Allies? Heels and Wolfpack?

Published: January 19, 2010 

Trustees hopeto save money

They will remain bitter rivals on basketball courts and ball fields, but in labs, classrooms, business offices - and now boardrooms - N.C. State University and UNC-Chapel Hill are becoming stronger allies.

In a watershed moment for the growing alliance, the trustees of the two largest state universities will hold a joint meeting tonight for the first time in recent memory.

NCSU trustees chairman Lawrence Davenport said that two days after being appointed last summer he called his counterpart at UNC-CH, Bob Winston, to broach the idea. It seemed obvious, he said, given the growing ties between faculty, staff and students.

"I didn't even know the people on their board, and they didn't know us," Davenport said. "There is a lot of collaboration already going on, and we need to lead it and encourage folks to look for even more ways to work together and do away with duplication."

The state sharply cut the UNC system's budget last year, so working together has become even more important, Winston said.

"If you look at the landscape that's out there today, and the demands on both of these institutions about how to spend money and how to move forward, this is the right thing to do," he said.

There won't be a formal program tonight beyond, perhaps, some opening remarks, Davenport said. The meeting is just to signal that lines of communication are open and for trustees to get to know one another.

The ties between the schools are already substantial. NCSU faculty publish much more work with their counterparts at UNC-CH than with faculty of any other university. And the two schools have worked together on a host of programs and research projects, including a joint Department of Biomedical Engineering started in 2003 and built around N.C. State's engineering college and UNC-CH's medical school.

Other examples include a push by both, with Duke and the nonprofit company RTI International, to land a federal energy innovation center. The two schools have a center with cutting-edge equipment for nanotechnology research, and they cooperate on social science work such as a study of the hazards facing young construction workers. Last year, researchers at NCSU's veterinary school and the UNC Lineberger Comprehensive Cancer Center began working together to study a type of cancer that kills both humans and dogs.

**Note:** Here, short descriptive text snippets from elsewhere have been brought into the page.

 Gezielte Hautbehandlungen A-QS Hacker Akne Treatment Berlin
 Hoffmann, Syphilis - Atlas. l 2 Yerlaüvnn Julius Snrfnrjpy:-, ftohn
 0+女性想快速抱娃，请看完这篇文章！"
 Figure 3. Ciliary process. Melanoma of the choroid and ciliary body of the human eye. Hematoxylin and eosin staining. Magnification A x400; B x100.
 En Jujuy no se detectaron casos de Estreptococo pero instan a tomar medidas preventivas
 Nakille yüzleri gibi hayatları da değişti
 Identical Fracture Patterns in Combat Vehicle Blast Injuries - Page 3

Where the real savings are

One of the best examples, Winston said, is an effort to standardize the computer systems for finance and human resources.

It's too early in the project to be precise, but savings could reach $1 million to $3 million a year at UNC-CH, said Larry Conrad, the vice chancellor for information technology and chief information officer. His counterpart at NCSU, Marc Hoit, said a conservative estimate of potential savings for his university was $1 million.

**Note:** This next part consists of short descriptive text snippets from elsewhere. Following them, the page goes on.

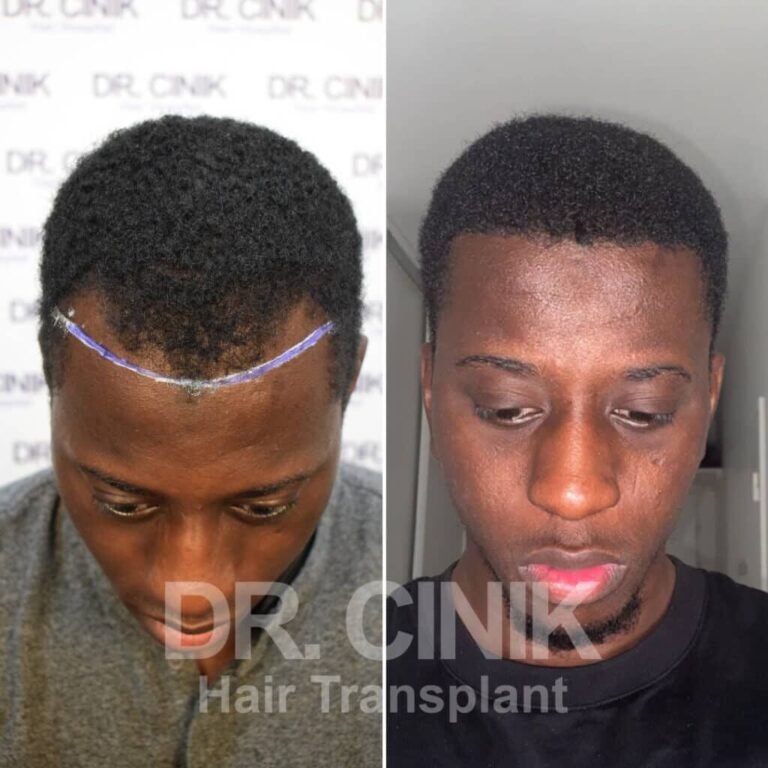 Greffe de cheveux afro avant-après : 3050 greffons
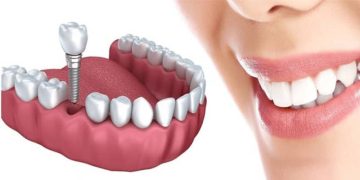 درصد موفقیت ایمپلنت فوری چقدر است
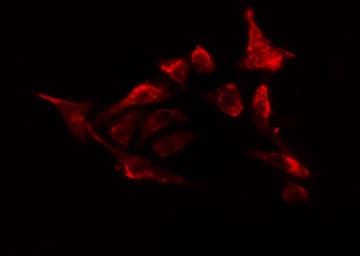 OXSR1 / OSR1 Antibody (phospho-Thr185)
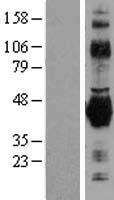 CD32B (FCGR2B) Human Over-expression Lysate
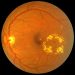 Cystoid macular oedema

Winston also cited a study that UNC-CH commissioned last year of its administration and finances with an eye to streamlining. He said the school immediately began sharing the findings with NCSU leaders.

In keeping with the theme of fiscal responsibility, the trustees are paying for tonight's meeting from their own pockets. If it goes well and both boards agree, such gatherings may become a regular thing, Davenport said.

Despite all the amiable talk of common goals, it's hard to ignore that the ACC's bruising conference basketball schedule is just hitting its stride, and it's exactly a week before the Wolfpack men host Carolina. That storied sports rivalry won't be changing, Davenport said.

"When they're on the football field or the basketball court, I love red and I dislike blue," he said. "But this is about green, about doing the best we can with the taxpayers' money."